Grounded Lufthansa planes as a result of the pilot's strike

A walkout by Lufthansa pilots in a long-running pay dispute led to more flight cancellations on Thursday and hit bookings at one of Europe’s biggest airlines.

Pilots represented by the Vereinigung Cockpit union began the three-day strike – their 14th since early 2014 – on Wednesday, prompting the grounding of almost 1,800 flights.

Lufthansa said it will scrap a further 830 short- and medium-haul flights on Friday, just over a quarter of its schedule, hitting more than 100,000 travellers. Most long-haul flights will be unaffected, it said.
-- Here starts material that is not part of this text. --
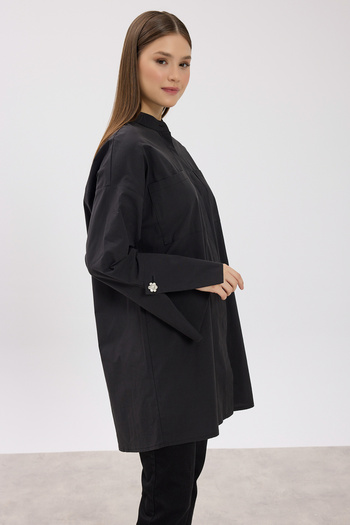 Birgül Bektaş Black Judge Collar Detailed Pocket Tunic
Over the three days, the strike action has disrupted the travel plans of more than 315,000 passengers.

Harry Hohmeister, a Lufthansa board member, said cancellations for the first two days of strike action had cost the airline about €20m and customers were making fewer bookings.

“Not only have we suffered severe damage (from the strike), but we’re also noticing from mid-term booking numbers that customer behaviour is changing,” Hohmeister said.

Shares in the company were down 0.4 per cent at 1441 GMT, underperforming German blue chips, which were up 0.1 per cent.

COST SQUEEZE

The union wants an average annual pay increase of 3.7 per cent for 5,400 pilots in Germany over a five-year period from 2012. Lufthansa has offered 2.5 per cent over six years to 2019.

The airline has urged the union to enter mediation, but the union said it first wants to see a better offer.

Lufthansa, led by CEO Carsten Spohr, insists that despite a record profit in 2015, it has no choice but to cut costs to compete with leaner rivals such as Ryanair on short-haul and Emirates on long-haul flights.

It has already agreed deals with the main unions representing ground staff and cabin crew in Germany, leaving an agreement with its pilots outstanding.

“From a shareholder perspective we would rate the efforts of management to make the company financially sustainable in the long term as more valuable, than the short term pain inflicted by the strikes,” Commerzbank analysts said in a note.

Pilot strikes in 2014 cost Lufthansa €222m, roughly €21m per day, according to the IW Cologne Institute for Economic Research. In 2015, walkouts by pilots and cabin crew cost it €231m, around €30m, per day.

Despite the row with its German pilots, Lufthansa is also moving forward with plans to expand lower cost operations, using a Eurowings unit based in Austria. It is in talks over bringing operations from Air Berlin and Brussels Airlines into the Eurowings platform.

The row is mirrored at rival Air France-KLM, which has also seen pilot strikes in France over plans to lower costs.